“––For faith, that, when my need is sore,
Gleams from a partly-open door,
And shows the firelight on the floor––”
A Canticle of Common Things.
Over the Gateway
We were sitting together one morning in the common sitting-room in the centre of the house. There had been a fall of rain during the night, and it was thought better that the old man should not sit in the garden until the sun had dried the earth––so we sat indoors instead, but with the great door wide open, that looked on to a rectangle of lawn that lay before the house. Once a drive had led to this door through a gate with pedestals and stone balls, that stood exactly opposite, about fifteen yards away, but the drive had long been grassed over; although even now it showed faintly under two slight ridges in the grass that ran from the gate to the door. Otherwise the lawn was enclosed by a low old brick wall, almost hidden by a wealth of ivy, against which showed in rich masses of colour the heads of purple and yellow irises and tawny wallflowers.

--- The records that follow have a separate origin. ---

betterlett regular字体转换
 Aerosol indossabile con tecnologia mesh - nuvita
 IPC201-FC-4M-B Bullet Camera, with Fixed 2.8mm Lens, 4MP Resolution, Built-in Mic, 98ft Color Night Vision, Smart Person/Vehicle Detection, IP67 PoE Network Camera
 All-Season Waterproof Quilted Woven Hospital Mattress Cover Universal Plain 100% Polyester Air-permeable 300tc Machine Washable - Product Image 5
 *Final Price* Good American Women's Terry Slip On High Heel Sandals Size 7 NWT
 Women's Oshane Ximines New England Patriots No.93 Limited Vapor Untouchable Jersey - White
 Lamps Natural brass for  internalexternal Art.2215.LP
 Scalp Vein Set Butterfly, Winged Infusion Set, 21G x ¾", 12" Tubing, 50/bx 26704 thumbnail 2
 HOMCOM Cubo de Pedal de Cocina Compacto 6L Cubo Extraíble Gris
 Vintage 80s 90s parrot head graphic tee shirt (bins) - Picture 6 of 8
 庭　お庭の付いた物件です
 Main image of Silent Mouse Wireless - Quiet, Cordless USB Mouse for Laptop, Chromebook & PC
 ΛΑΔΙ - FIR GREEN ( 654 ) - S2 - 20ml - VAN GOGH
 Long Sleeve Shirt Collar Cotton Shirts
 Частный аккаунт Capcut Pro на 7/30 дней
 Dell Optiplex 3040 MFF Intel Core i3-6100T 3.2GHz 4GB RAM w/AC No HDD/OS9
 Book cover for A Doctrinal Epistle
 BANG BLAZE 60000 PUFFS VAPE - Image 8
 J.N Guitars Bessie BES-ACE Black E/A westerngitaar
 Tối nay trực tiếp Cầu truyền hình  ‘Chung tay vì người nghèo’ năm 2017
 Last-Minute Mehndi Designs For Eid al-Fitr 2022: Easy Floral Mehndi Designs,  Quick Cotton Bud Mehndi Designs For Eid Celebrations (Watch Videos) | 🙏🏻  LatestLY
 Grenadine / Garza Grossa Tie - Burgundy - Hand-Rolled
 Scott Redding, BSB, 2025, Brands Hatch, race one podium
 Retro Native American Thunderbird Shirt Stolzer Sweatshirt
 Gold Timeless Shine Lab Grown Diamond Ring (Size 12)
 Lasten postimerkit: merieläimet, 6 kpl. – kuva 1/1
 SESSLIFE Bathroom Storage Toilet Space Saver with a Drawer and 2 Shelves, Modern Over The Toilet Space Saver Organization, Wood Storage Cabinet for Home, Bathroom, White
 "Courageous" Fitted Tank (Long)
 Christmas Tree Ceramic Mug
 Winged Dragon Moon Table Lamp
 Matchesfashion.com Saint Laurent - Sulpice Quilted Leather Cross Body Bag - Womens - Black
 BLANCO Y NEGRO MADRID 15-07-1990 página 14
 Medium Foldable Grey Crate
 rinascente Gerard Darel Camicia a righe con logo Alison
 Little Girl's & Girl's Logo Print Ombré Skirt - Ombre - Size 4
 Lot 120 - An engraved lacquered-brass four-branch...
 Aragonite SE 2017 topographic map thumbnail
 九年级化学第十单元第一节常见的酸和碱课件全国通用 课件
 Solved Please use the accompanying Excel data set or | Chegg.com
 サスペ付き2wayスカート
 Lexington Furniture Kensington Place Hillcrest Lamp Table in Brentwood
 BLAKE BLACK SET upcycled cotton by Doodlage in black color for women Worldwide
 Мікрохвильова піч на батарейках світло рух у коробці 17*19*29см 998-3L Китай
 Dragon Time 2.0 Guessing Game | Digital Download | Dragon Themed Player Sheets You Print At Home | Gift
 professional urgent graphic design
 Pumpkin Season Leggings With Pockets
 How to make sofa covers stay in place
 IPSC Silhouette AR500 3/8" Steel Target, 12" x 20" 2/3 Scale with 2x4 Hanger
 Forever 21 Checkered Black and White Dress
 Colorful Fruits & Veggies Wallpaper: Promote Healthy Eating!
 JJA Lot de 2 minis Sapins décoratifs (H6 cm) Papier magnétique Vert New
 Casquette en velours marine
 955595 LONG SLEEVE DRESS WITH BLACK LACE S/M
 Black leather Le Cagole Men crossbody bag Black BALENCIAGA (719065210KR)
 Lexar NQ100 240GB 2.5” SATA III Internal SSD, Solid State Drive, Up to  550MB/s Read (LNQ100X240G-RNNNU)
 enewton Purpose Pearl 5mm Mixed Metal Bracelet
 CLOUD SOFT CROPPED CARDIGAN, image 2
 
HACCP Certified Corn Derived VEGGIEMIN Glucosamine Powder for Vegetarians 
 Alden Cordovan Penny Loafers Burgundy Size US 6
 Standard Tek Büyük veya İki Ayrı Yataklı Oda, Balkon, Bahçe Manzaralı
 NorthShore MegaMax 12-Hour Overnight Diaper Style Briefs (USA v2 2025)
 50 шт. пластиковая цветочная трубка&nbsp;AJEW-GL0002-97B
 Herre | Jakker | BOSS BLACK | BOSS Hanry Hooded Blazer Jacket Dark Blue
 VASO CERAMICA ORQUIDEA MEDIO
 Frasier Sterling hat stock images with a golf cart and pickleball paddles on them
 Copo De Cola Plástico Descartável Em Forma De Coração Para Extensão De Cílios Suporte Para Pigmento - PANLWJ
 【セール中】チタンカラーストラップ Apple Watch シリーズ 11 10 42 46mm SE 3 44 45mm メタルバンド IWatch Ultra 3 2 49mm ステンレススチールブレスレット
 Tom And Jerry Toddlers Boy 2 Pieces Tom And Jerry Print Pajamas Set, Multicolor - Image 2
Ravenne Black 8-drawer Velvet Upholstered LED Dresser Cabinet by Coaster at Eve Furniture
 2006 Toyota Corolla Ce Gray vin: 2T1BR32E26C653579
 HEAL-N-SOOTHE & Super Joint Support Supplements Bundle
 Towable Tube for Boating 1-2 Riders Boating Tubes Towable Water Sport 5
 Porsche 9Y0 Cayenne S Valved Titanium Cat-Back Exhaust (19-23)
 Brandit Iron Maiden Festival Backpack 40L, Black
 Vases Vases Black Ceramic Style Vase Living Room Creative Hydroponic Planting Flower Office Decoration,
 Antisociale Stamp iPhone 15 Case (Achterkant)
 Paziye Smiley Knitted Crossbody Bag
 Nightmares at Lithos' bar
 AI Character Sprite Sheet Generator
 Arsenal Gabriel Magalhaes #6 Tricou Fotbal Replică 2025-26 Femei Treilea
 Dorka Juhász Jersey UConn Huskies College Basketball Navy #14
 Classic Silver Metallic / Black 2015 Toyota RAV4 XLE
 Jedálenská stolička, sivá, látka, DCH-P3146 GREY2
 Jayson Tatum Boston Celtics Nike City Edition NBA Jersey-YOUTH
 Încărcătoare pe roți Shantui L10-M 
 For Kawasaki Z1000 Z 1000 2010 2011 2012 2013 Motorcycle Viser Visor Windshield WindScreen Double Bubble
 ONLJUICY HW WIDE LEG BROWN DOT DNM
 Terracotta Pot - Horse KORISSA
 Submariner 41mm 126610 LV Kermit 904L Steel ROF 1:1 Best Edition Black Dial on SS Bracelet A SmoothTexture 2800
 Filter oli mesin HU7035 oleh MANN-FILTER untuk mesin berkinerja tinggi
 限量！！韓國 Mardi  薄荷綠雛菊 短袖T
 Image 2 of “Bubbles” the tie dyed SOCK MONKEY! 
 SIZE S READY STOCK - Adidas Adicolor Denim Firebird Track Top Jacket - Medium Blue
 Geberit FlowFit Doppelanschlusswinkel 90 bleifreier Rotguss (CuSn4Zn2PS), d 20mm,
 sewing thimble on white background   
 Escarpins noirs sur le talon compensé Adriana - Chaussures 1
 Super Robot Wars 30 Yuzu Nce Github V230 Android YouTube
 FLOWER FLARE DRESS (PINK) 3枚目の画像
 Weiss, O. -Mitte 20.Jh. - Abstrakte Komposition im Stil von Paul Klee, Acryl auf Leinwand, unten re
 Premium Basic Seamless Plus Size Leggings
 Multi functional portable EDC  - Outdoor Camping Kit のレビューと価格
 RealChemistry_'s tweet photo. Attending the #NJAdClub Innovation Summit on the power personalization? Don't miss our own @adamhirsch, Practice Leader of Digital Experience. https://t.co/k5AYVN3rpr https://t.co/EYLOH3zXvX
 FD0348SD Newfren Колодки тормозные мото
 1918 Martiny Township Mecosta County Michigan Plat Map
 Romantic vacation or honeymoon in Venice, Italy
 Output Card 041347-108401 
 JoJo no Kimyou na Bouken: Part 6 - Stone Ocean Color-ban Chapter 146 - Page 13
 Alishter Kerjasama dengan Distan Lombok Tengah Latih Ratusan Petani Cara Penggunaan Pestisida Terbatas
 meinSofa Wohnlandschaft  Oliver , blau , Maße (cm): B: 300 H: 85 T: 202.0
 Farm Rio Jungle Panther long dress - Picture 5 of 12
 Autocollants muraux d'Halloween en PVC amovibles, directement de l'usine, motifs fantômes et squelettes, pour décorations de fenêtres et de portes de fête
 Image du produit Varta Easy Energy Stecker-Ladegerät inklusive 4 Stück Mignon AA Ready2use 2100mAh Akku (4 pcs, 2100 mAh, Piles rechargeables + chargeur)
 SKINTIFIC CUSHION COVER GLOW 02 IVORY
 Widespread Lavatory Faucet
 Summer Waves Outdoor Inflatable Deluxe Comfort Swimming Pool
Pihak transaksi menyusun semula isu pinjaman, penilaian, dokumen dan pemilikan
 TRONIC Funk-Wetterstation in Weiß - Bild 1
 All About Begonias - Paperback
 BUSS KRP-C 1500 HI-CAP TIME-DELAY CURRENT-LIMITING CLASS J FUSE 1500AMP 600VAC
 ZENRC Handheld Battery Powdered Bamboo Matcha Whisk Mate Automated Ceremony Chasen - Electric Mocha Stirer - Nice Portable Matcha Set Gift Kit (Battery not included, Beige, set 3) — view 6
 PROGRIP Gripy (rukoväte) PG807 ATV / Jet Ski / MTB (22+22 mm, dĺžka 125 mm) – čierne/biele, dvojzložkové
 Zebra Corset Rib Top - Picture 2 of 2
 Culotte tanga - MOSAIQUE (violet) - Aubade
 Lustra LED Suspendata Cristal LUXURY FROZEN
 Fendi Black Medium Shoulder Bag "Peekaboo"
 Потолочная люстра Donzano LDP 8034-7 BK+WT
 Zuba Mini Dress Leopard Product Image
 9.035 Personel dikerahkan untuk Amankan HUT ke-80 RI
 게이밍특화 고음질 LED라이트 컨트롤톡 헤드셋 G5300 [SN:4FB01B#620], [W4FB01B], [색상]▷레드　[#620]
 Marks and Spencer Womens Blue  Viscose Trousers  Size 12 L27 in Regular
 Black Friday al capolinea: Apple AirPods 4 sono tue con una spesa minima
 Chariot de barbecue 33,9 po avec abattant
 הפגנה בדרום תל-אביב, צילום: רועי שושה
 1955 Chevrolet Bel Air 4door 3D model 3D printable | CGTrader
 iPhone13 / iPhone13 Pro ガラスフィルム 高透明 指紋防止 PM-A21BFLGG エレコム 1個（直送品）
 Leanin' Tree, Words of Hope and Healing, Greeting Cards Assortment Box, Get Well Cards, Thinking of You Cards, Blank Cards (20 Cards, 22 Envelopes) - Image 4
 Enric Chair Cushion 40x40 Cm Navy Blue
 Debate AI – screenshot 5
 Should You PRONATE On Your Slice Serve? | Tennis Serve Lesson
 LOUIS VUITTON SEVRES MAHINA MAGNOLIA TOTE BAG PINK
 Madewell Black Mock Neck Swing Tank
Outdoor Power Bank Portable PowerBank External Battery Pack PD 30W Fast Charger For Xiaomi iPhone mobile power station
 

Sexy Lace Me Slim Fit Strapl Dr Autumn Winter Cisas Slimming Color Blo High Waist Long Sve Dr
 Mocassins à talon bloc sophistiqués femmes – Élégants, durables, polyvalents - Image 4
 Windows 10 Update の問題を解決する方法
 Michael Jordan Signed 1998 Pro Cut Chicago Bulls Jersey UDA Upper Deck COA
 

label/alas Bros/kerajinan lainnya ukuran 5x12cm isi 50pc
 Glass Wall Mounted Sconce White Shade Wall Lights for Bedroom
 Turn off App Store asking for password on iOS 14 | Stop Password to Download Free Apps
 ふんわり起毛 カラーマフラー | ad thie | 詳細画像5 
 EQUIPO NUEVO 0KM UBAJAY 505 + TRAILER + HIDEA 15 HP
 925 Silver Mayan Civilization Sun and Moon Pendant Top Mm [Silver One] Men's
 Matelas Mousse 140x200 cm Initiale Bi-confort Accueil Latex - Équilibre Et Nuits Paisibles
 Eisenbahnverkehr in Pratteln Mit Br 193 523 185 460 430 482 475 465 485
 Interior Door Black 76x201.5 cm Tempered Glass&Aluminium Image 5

The old man had been silent at breakfast. He had offered the Holy Sacrifice as usual that morning in the little chapel upstairs, and I had noticed at the time even that he seemed pre-occupied: and at breakfast he had talked very little, letting every subject drop as I suggested it; and I had understood at last that his thoughts were far away in the past; and I did not wish to trouble him.
We were sitting in two tall carved chairs at the doorway, his feet were wrapped in a rug, and his eyes were looking steadily and mournfully out across towards the iron-work gate in the wall. Tall grasses of the patch of uncut meadow outside leaned against it or pushed their feathery heads through it; and I saw presently that the priest was looking at the gate, letting his eyes rove over every detail of climbing plant, iron-work and the old brickwork––and not, as I had at first thought, merely gazing into the dim distances of the years behind him.